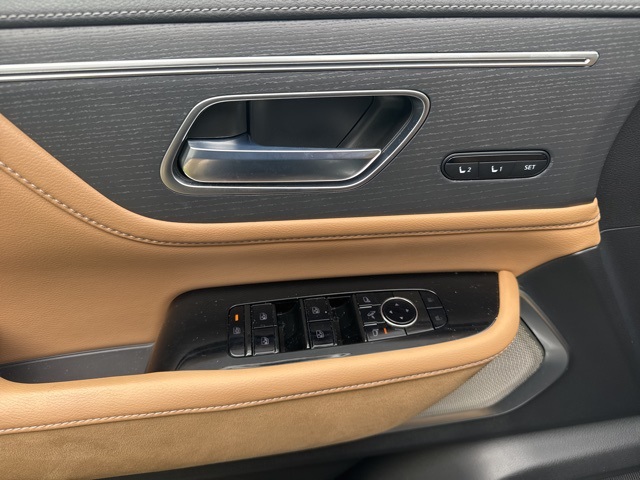 2025 Infiniti QX80 Sensory photo 9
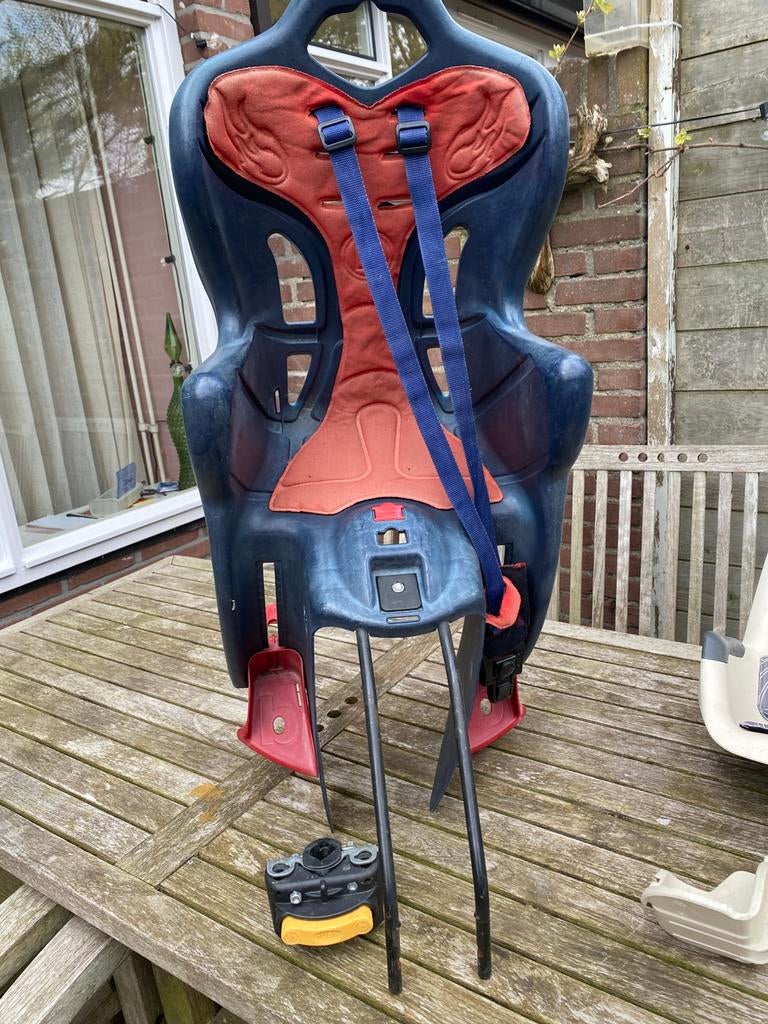 Fietsstoeltje achterop, Fietsen en Brommers, Fietsaccessoires | Fietsstoeltjes, Ophalen, Achterzitje, 9 t/m 18 kg, Gebruikt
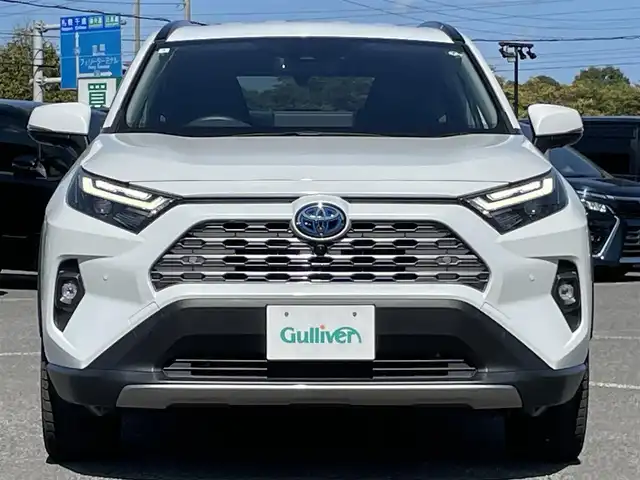 トヨタ ＲＡＶ４ ハイブリッドG 道央・札幌 2024(令6)年 1万km プラチナホワイトパールマイカ ４WD/寒冷地仕様/純正メーカーナビ/AM/FM/BT/フルセグ/トヨタセーフティセンス/プリクラッシュセーフティ/横滑り防止装置/レーダークルーズコントロール/レーンキープアシスト/クリアランスソナー/ブラインドスポットモニター/パーキングサポートブレーキ/リアクロストラフィックアラート/ロードサインアシスト/アラウンドビューモニター/ビルトインETC2.0/ミラー一体型ドライブレコーダー/パワーバックドア/D席パワーシート/前席シートヒーター/前席エアシート/レザーシート/革巻きステアリング/ステアリングリモコン/ハンドルヒーター/プッシュスタート/スマートキー/LEDヘッドライト/オートライト/オートハイビーム/フォグランプ/電動格納ミラー/純正フロアマット/ドアバイザー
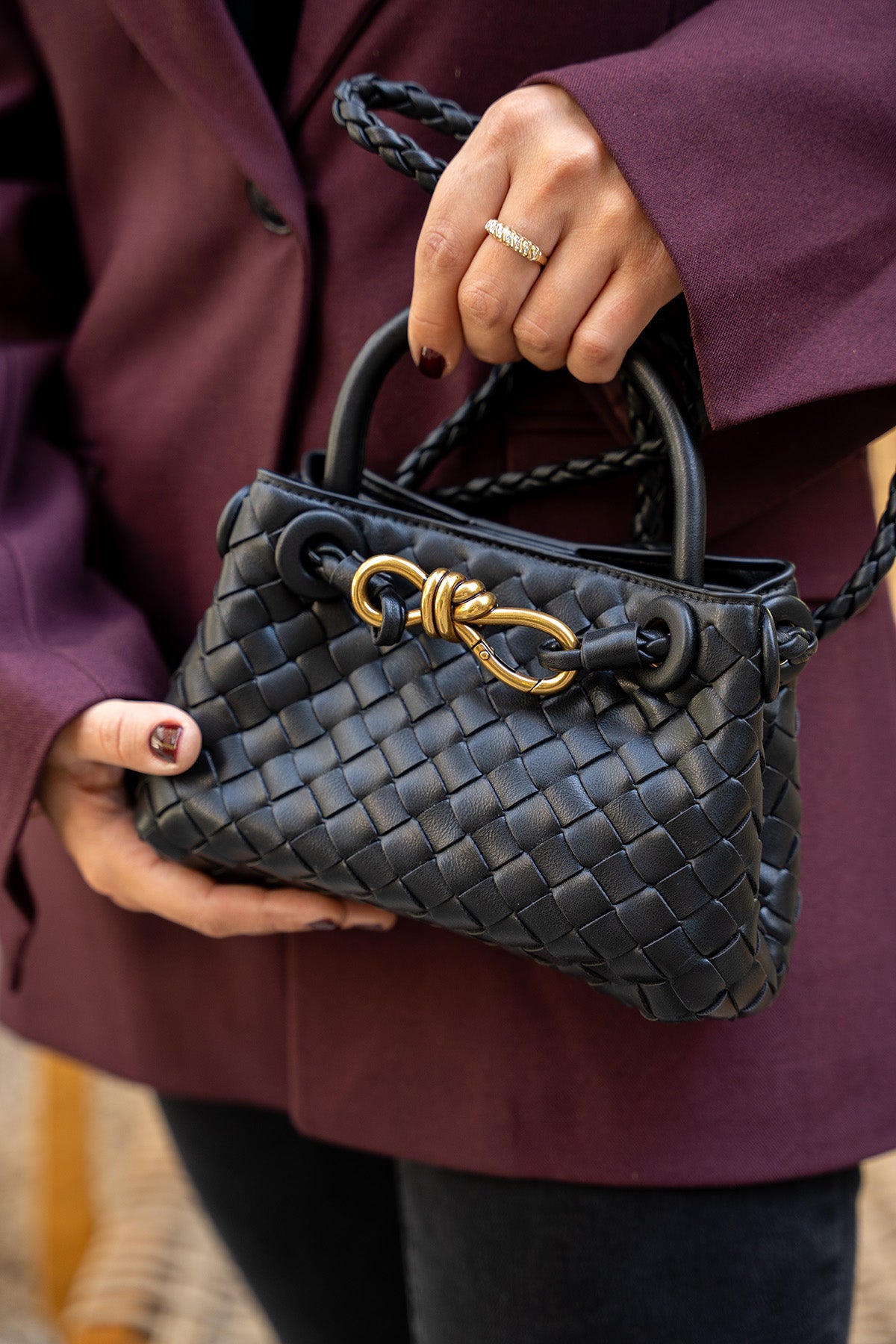 Sanmor Gold Düğüm Aksesuarlı Çapraz Çanta - SİYAH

DESCRIPTION OF THE TASK: Once more, please print the whole listing exactly, omitting each image.

REPLY TO THE EXERCISE:
 2025 Infiniti QX80 Sensory photo 9
 Fietsstoeltje achterop, Fietsen en Brommers, Fietsaccessoires | Fietsstoeltjes, Ophalen, Achterzitje, 9 t/m 18 kg, Gebruikt
 トヨタ ＲＡＶ４ ハイブリッドG 道央・札幌 2024(令6)年 1万km プラチナホワイトパールマイカ ４WD/寒冷地仕様/純正メーカーナビ/AM/FM/BT/フルセグ/トヨタセーフティセンス/プリクラッシュセーフティ/横滑り防止装置/レーダークルーズコントロール/レーンキープアシスト/クリアランスソナー/ブラインドスポットモニター/パーキングサポートブレーキ/リアクロストラフィックアラート/ロードサインアシスト/アラウンドビューモニター/ビルトインETC2.0/ミラー一体型ドライブレコーダー/パワーバックドア/D席パワーシート/前席シートヒーター/前席エアシート/レザーシート/革巻きステアリング/ステアリングリモコン/ハンドルヒーター/プッシュスタート/スマートキー/LEDヘッドライト/オートライト/オートハイビーム/フォグランプ/電動格納ミラー/純正フロアマット/ドアバイザー
 Sanmor Gold Düğüm Aksesuarlı Çapraz Çanta - SİYAH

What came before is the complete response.